English publisher (died 1633)

Richard Hawkins (died 1633) was a London publisher of the Jacobean and Caroline eras. He was a member of the syndicate that published the Second Folio collection of Shakespeare's plays in 1632. His bookshop was in Chancery Lane, near Sergeant's Inn.

==Beginnings==
Hawkins served his apprenticeship under the stationer Edmond Matts in 1604-11; in turn he acquired Matts's business in 1613 and established himself as an independent publisher. In his first year, Hawkins reprinted John Marston's The Metamorphosis of Pigmalion's Image, a work originally issued by Matts in 1598. Hawkins's initial entry into the Stationers' Register was Elizabeth Tanfield Cary's The Tragedy of Mariam, which he also printed in 1613 — a work now recognized as the first tragedy by a woman to be published in English.

==Shakespeare==
Hawkins's connection to the Shakespeare canon started in 1628; an entry in the Stationers' Register, dated 1 March that year, records the transfer of the rights to Othello from Thomas Walkley, the publisher of the play's first quarto (1622), to Hawkins. (The same transfer included the rights to the Beaumont and Fletcher plays Philaster and A King and No King.) Hawkins then published the second quarto of Othello (printed by Augustine Matthews) in 1630. Hawkins's text combined elements from the two previous texts, the 1622 first quarto and the First Folio of 1623, which showed significant differences. Hawkins's possession of the copyright to one Shakespearean play enabled him to become one of the subsidiary members of Robert Allot's syndicate (the others were William Aspley, Richard Meighen, and John Smethwick) when Allot published the Second Folio.

==Others==
Beyond the confines of the Shakespeare canon, Hawkins a published number of other play texts. They included:
- the first quarto of Cary's The Tragedy of Mariam (1613), printed by Thomas Creede;
- the third quarto of Philaster (1628);
- the third quarto of Beaumont and Fletcher's The Maid's Tragedy (1630);
- the third quarto of A King and No King (1631).

A fourth quarto of Philaster was published, under Hawkins's imprint, posthumously in 1634.

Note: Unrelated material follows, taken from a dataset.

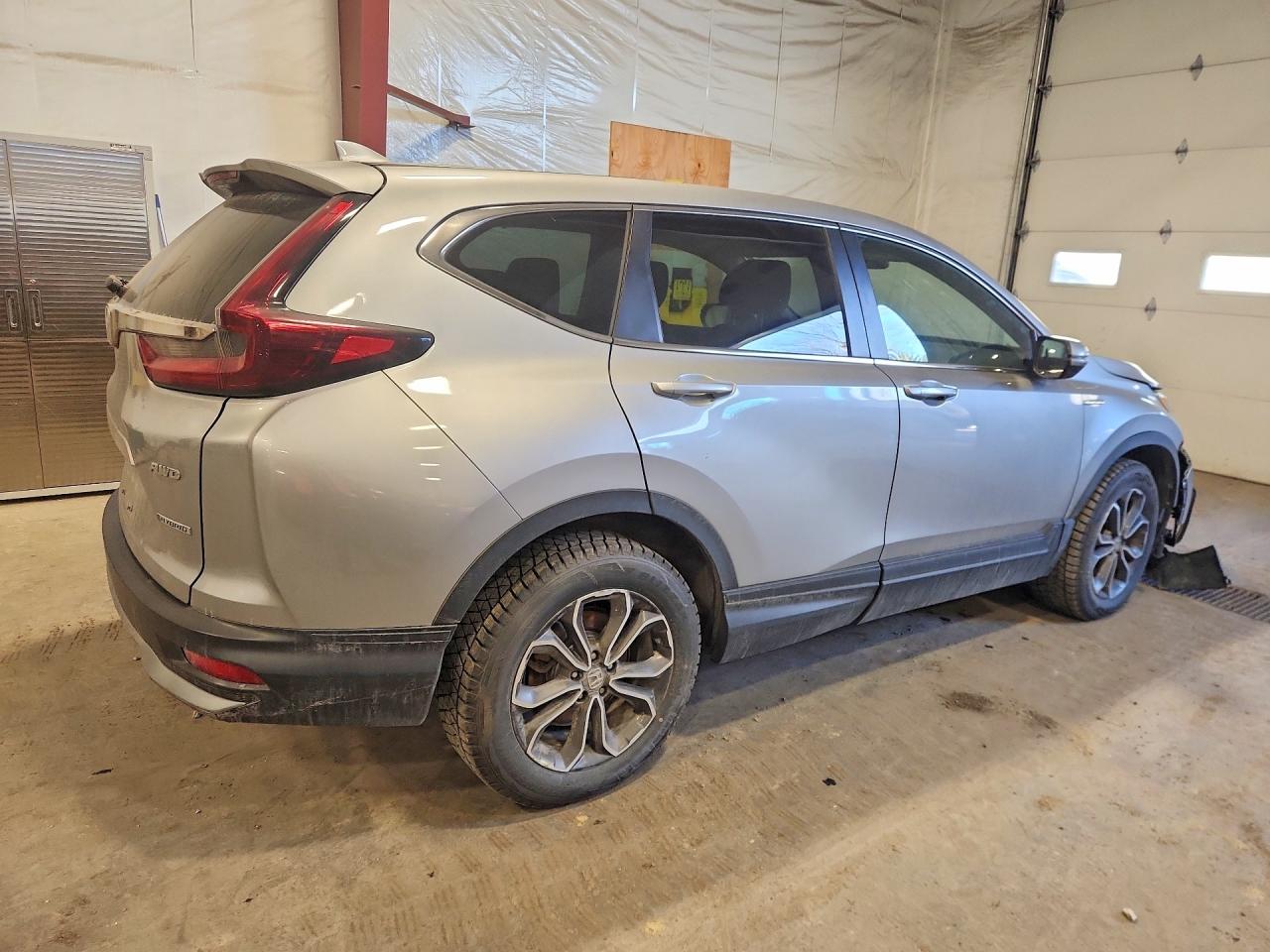 2020 HONDA CRV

Like some other publishers of his time, Hawkins sometimes wrote prefaces for the playbooks he issued. In his preface to Philaster, Hawkins compares the plays of English Renaissance drama to gold, and publishers to "merchant adventurers." Hawkins was one of the small minority who wrote prefatory material in verse, as in his editions of A King and No King and The Maid's Tragedy.

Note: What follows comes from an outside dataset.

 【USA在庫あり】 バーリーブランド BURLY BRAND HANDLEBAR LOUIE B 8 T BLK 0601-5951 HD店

Hawkins published a range of contemporary literature in his generation, including a 1629 edition of Hero and Leander (Marlowe's poem with Chapman's continuation), and the 1619 and 1622 editions of the Nosce Teipsum of the poet John Davies of Hereford. He ventured into music publishing, with a 1631 edition of the canzonets of Thomas Morley. One of Hawkins's final projects was the first English edition of Mathematical Recreations (1633), by Jean Leurechon (alias "Hendrik van Etten") — translated by Francis Malthus, and printed by Thomas Cotes, the same man who printed the Second Folio.

Hawkins's widow, Ursula Hawkins, disposed of some of his copyrights after his death.